The state never helps… | El estado jamás ayuda…

Editorial, El Dia:

The state enjoys good press because it helps, provides assistance, distributes wealth, and seeks social justice, but these are just good intentions. The reality is very different because it ends up generating more poverty than before, discourages production, and above all, harms the neediest.

The harm of state aid is especially evident in times of crisis, recessions, or when economic imbalances occur. At that moment, the state launches with its good intentions to “save” the hardest hit, and the result is a deeper and more prolonged depression.

The money the state spends on providing assistance comes from taxation or borrowing, factors that reduce savings and investment by genuine producers to benefit parasitic spending by non-producers, negatively affecting society’s productivity.

While providing assistance (inefficient and costly), the state does not reduce other government expenditures (almost always increases them) and ends up reducing the “private purchasing power” that is crucial for economic recovery.

Spending on “welfare” obtained from taxpayers through higher taxes discourages businesses from investing their capital and generating more jobs.
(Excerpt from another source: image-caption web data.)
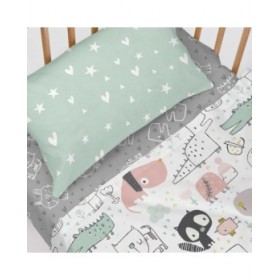 Set di Lenzuola HappyFriday Moshi Moshi Best buddies  Multicolore Culla Neonato 2 Pezzi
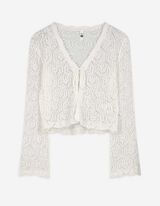 Strickjacke - Schnürung - weiß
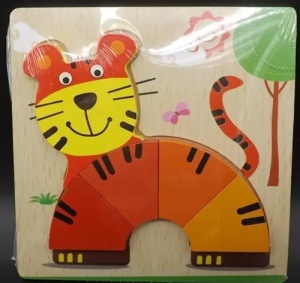 Puzzle 3D din Lemn Model Tigru, 5 piese, tip Montessori #JJ5637 - Img 5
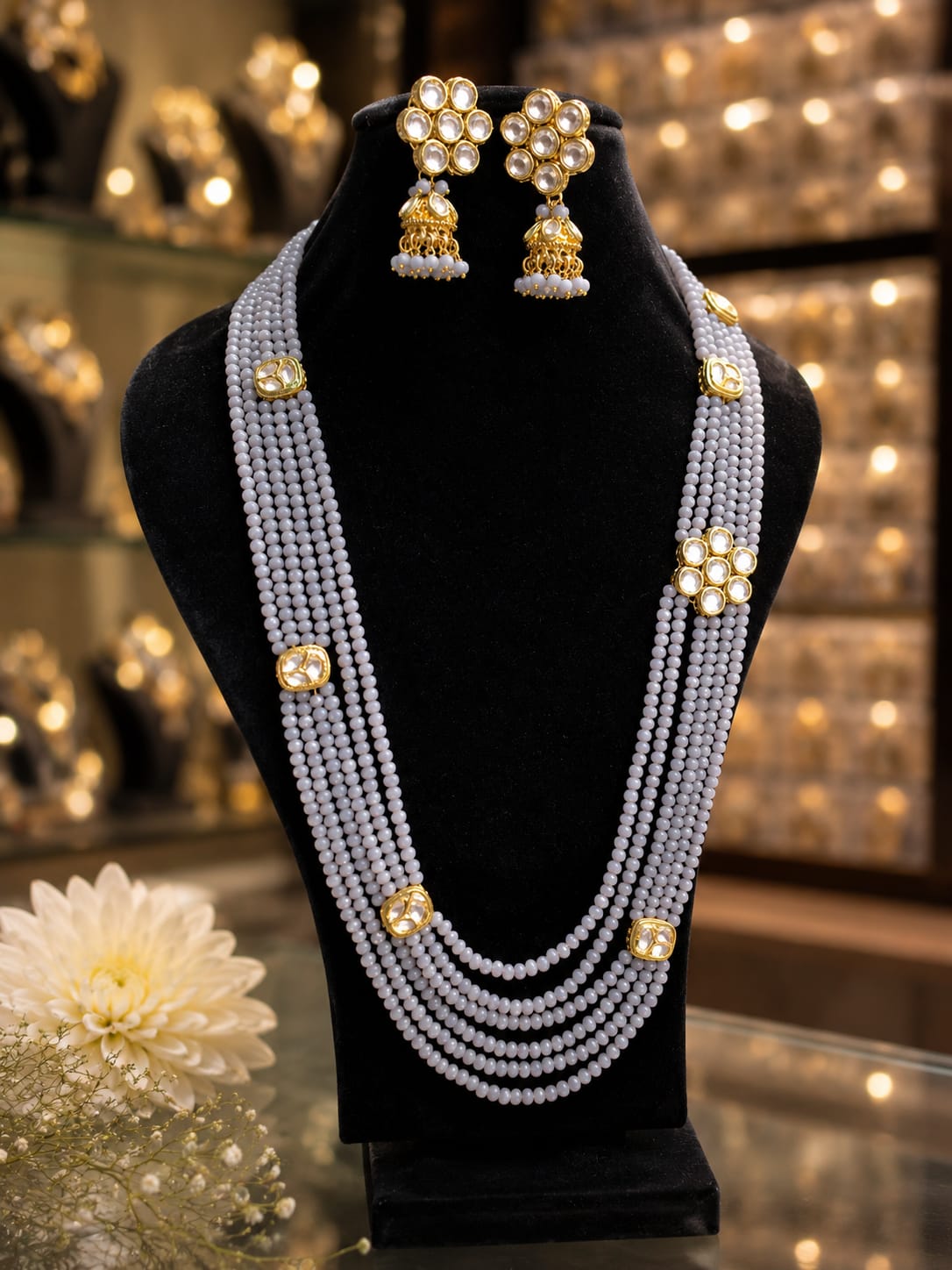 Elegant Kundan Pearl Mala Set
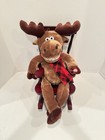 Dan Dee Christmas Moose Rocking Chair Animated Singing Lighted Works Mint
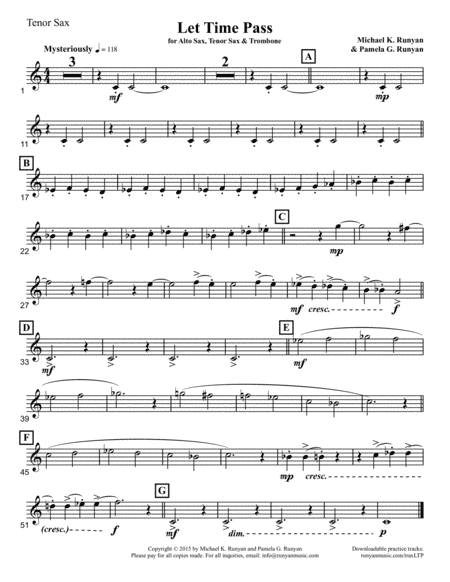 Let Time Pass, for Alto Sax, Tenor Sax & Trombone  (Tenor Sax part only)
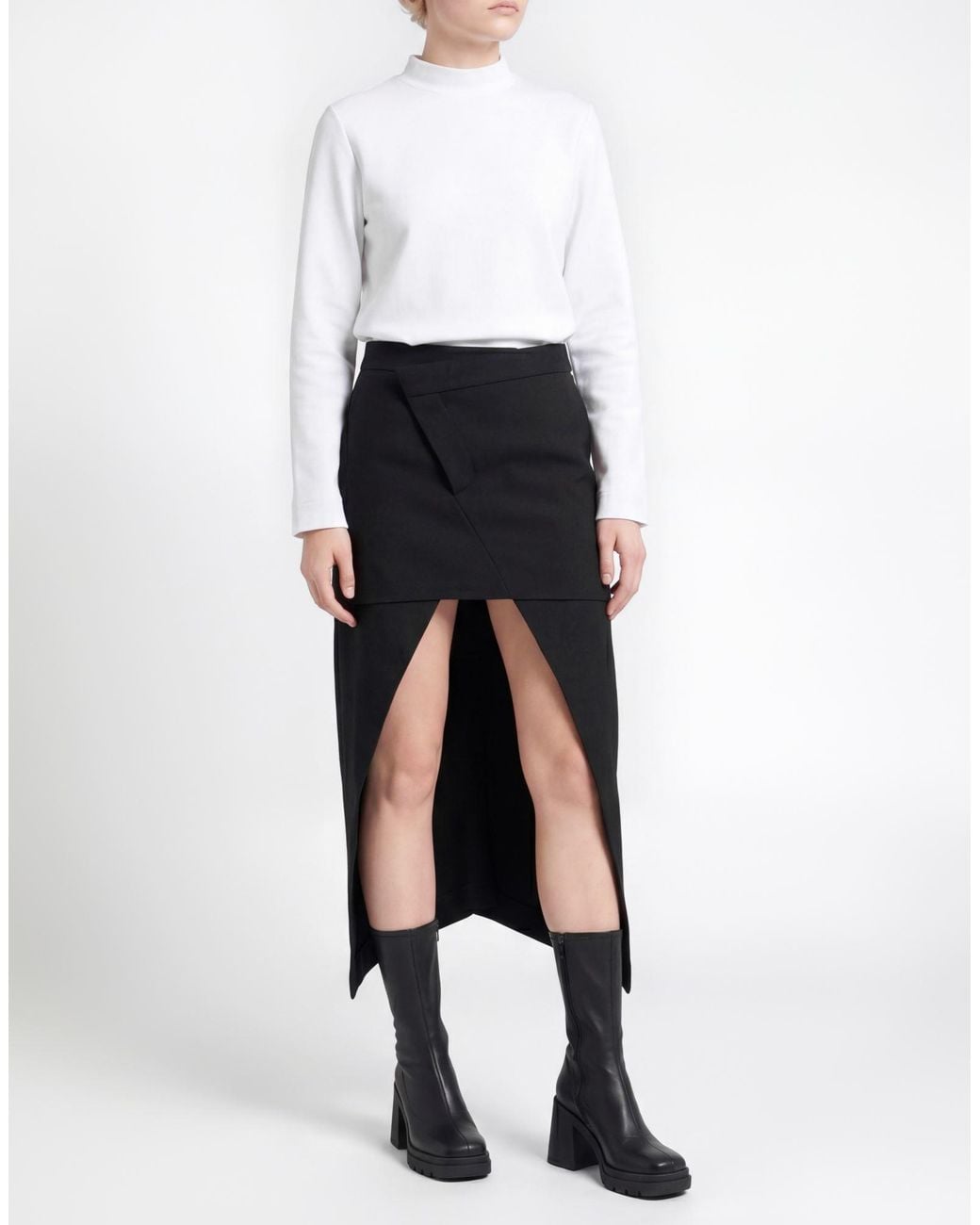 McQueen Black Midi Skirt Wool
It is also detrimental to the labor market because it dissuades people from seeking reemployment, acquiring new skills, and improving the quality of the workforce, hindering economic recovery.

The welfare of a society is not provided by the state but by private investment, business creation, job generation, people’s savings, and that is impossible when governments extract money from society to give it to supposedly vulnerable sectors, which do not need handouts but tools to recover. Only businesses can offer these tools, capable of providing sustainable and productive jobs. Meanwhile, state aid always generates dependency, fosters bureaucracy and corruption, and discourages the competitiveness of human resources.

When the state does not help, it fosters an alliance between entrepreneurs and workers, assumes greater responsibility in times of crisis, whether by promoting savings, being more sensitive to market needs, or investing in personal skills for the future. In fact, the most prosperous societies often invest more in education during difficult times, and the most conscientious save money, limit their expenses, attitudes that are not in the state’s playbook, much less when it comes to a socialist regime or a welfare state, which are practically the same.

Demagogues often justify their actions by arguing that in times of crisis, the rich must help the poor. That’s why they take their money, raise their taxes, and supposedly distribute wealth among the needy. The consequences are disastrous, as evidenced by Cuba or Venezuela, where they wiped out the rich, everything ended up in the hands of the state, and the poor continue to multiply like mushrooms.